ASIDE Peggy was deliberately not participating in psychology because she did not want to admit to the baby. Or the Peter part. Or the promotion. That’s what was holding her back in treatment. I think Don’s advice was spot on, frankly. Not the avoiding treatment part, but the facing up part. Just get it over with. Who cares about all the Catholic stuff. This is probably when she dropped the church, too. Purposefully, I mean, instead of just paying lip service and confessing afterwards. END ASIDE

I know Peggy hated missing work and was probably gossiped about for being absent (and then Don slammed her for it in front of her coworkers), but that day or two away set her so much further ahead than working hard and impressing people (if they noticed) would have. Go, Bobbie! I forgive you for being such an intolerable presence in that canceled show that I liked!

And did Peggy’s outfit say notice me or what? Before she even called Don by his first name, she dressed herself in a gray skirt evocative of the men’s suits, and a power blouse in vivid jewel tones. Remember those Peter Pan collars? Edged cardigans? Puffy skirts? Gone. Pointy collars and vertical pleats project height and attitude, and the row of buttons between her breasts emphasizes them and screams to be unbuttoned. And that’s about all the clothing analysis I am qualified to do. Mostly I just thought that shiny teal was gorgeous. Maybe Joan will learn something from Peggy about ditching young and beautiful for female and capable. She’s obviously female and capable, and not young has been established as an issue already. Furthermore, she’s expressed a desire to keep working, but Roger predicts that she’s going to “move on.” He means to motherhood, but it could be a promotion. Somewhere else, perhaps. Here’s to Peggy and Joan forming some kind of alliance, even if it’s an unspoken one.

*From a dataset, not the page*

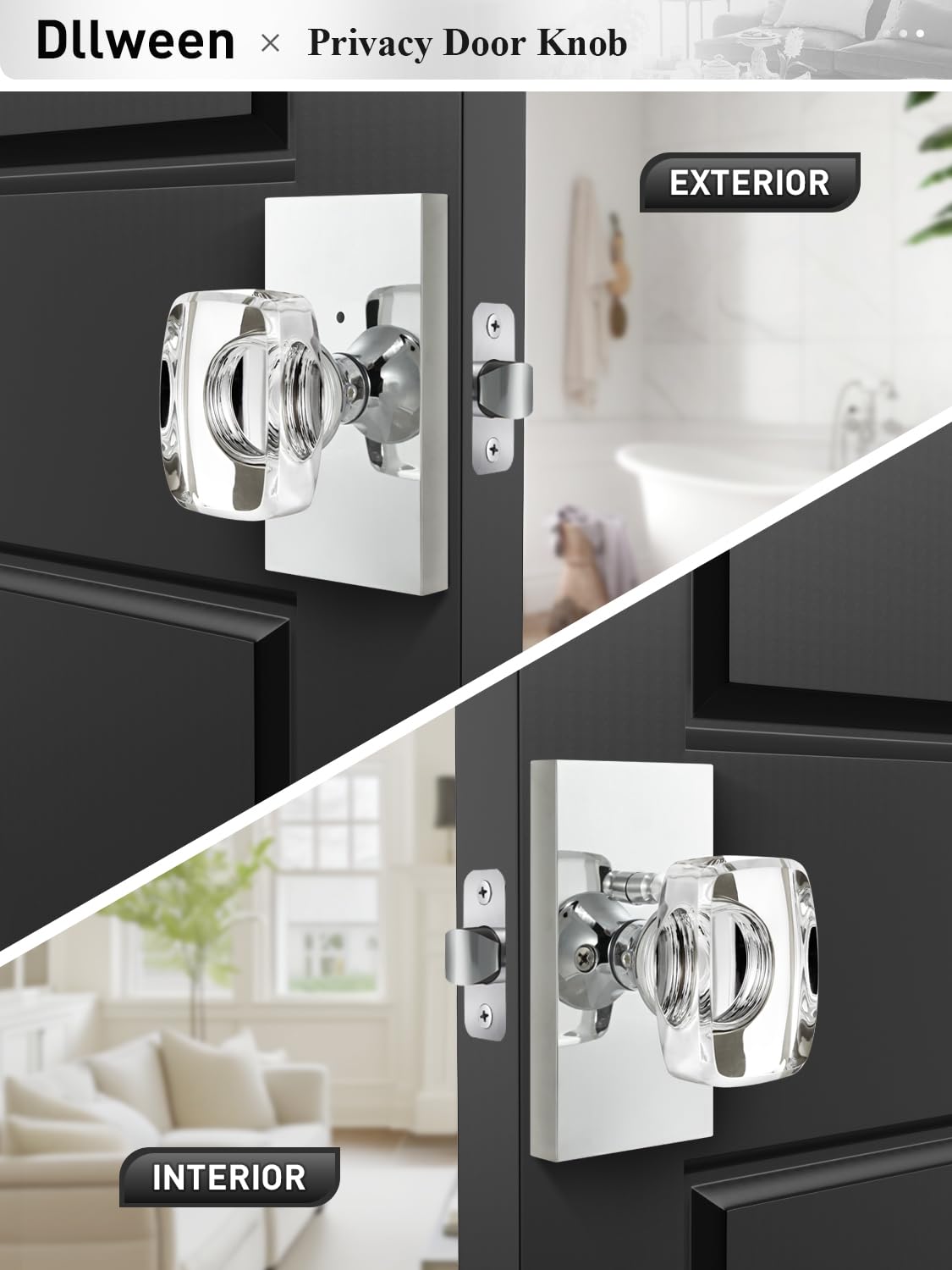 Newliplace Boutons De Porte D'intérieur En Chrome Poli, Boutons De Porte En Verre Cristal Avec Serrure Pour Salle De Bain, Chambre à Coucher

RANDOM THOUGHTS Love that Don fell down the stairs when he’s talking to his subordinates but has an old football injury when he doesn’t know what Jimmy Barrett wants. I like Bobbie Barrett, but this last scene sort of seemed like a send-off in a way… a passing the torch to Peggy and passing with Jimmy to a show of his own. Mongoloid is a terrible term that just sounds so funny. It’s terrible how much delight I took in hearing the word. I had put out of my mind entirely that meatloaf has ketchup baked on it. I hate ketchup. I hated meatloaf because it was served with hot, gooey ketchup. I made it out of desperation one day and put barbecue sauce on it instead. Why was ketchup the default? Was barbecue sauce so exotic, or rare, or expensive? The cop lecturing Don reminded me of the Malibu cop from The Big Lebowski. Stay out of his beach community, Don! And stop treating objects like women.

Sorry this took so long. I kept getting interrupted all frikkin’ day. My thoughts were a lot more coherent and concise at breakfast. And I think I hate the stupid black shoes that Heidi Klum’s legs wear during the promos to Project Runway. They look bad from the side and the front. Says the girl who knows nothing about couture anyway.